In that vein, I got a good laugh a few weeks ago. A representative of a custom publishing company—which had declined me as a freelancer sometime around the holidays—inadvertently copied me on an email…which said some unflattering things about me!
I chuckled, then proceeded to forward it to a few of my freelance pals who had also applied and gotten dinged, as well as one who’d reached the second round and was so appalled by their byzantine and awful process that she declined.
A day or two later, the sender realized what she’d done, and sent me a pleasant apology, and I responded to the effect of “no worries, thick skin, made me chuckle.” Bottom line, I can’t get too worked up over such things.

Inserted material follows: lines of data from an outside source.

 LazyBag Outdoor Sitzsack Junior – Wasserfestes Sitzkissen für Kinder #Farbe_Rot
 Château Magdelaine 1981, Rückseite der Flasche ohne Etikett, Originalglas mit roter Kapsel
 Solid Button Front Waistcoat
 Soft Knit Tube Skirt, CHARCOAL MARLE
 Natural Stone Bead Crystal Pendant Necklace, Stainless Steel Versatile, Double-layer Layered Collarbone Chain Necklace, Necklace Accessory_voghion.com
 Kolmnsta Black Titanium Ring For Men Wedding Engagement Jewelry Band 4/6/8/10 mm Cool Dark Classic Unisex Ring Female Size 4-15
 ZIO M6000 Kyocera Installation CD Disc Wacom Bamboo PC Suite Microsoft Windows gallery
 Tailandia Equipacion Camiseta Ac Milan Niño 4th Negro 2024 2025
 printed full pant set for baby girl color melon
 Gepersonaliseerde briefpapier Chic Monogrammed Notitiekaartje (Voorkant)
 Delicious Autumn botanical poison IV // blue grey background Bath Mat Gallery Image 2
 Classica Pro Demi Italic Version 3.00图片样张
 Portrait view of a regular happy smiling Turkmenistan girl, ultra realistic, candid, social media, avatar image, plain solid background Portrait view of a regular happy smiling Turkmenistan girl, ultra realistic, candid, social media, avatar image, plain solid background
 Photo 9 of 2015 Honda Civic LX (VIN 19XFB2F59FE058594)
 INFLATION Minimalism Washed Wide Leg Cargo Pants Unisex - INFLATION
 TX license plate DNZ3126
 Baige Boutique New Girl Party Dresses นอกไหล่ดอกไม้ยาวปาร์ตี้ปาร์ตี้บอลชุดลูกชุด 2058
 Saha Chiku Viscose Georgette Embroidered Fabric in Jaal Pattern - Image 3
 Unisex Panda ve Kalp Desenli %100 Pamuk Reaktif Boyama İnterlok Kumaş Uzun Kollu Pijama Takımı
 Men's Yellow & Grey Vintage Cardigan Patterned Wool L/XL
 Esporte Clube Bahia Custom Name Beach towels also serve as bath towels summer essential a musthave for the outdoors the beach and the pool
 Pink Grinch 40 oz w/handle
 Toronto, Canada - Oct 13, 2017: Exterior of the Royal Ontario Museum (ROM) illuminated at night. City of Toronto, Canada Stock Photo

So, the reason I bring this up is the recent social-media-induced kerfuffle over an editor who sent out an epic job rejection letter to 900 applicants to a Craigslist classified ad.
- Gawker: Here’s How to Condescend to 900 Job Applicants With a 3,000-Word Rejection Letter (darn, link no longer works, so please visit…)
- The Guardian: “The Job Rejection Letter to End All Others”
Check the links and you’ll see what went down. Personally, my take is that it was presumptuous of him to approach it the way he did, not to mention a violation of short email conventions. 1) He could have avoided a lot of the flak by simply including a link to a page that contained his 42(!) pointers. 2) It makes no sense at all that he sent it to the second-rounders as well as the rejects.
That said, the backlash is over the top—I can’t believe people don’t have something better to do than hit “delete.” Spend the time cold calling, doing your taxes, or screwing around on Twitter. And for that matter, the whole affair underscores how Craigslist isn’t an ideal hunting ground, since you’re competing against such a large audience. (For a better route, here are some great tips from a Jenn Mattern guest post on “Where Can I Find High-Paying Freelance Writing Jobs?”)
In the comments: Would you rather get a detailed explanation of why you didn’t get a freelance job, or is “thanks but no thanks” enough to go on with your life?
Anonymous says
Just give me the rejection. No lectures necessary.
Debra Stang says
Yep, that thick skin is definitely a necessity. I’ve been working on building it up for more than 20 years, and rejection still has a definite sting for me.
Still, I know the smartest thing to do is let go of my issues (because they are my issues), make sure the piece is as good as it could be, and then send it on to someone else.
That’s about the best any freelancer can do.
Dr. Freelance says
@Anon, I’m with you.
@Debra, I’m with you, too!
Cathy Miller says
One of the classiest rejections I ever received was from a writer, which was 1) brief, 2) complimentary of my writing skills, 3) sent with a thank-you for applying.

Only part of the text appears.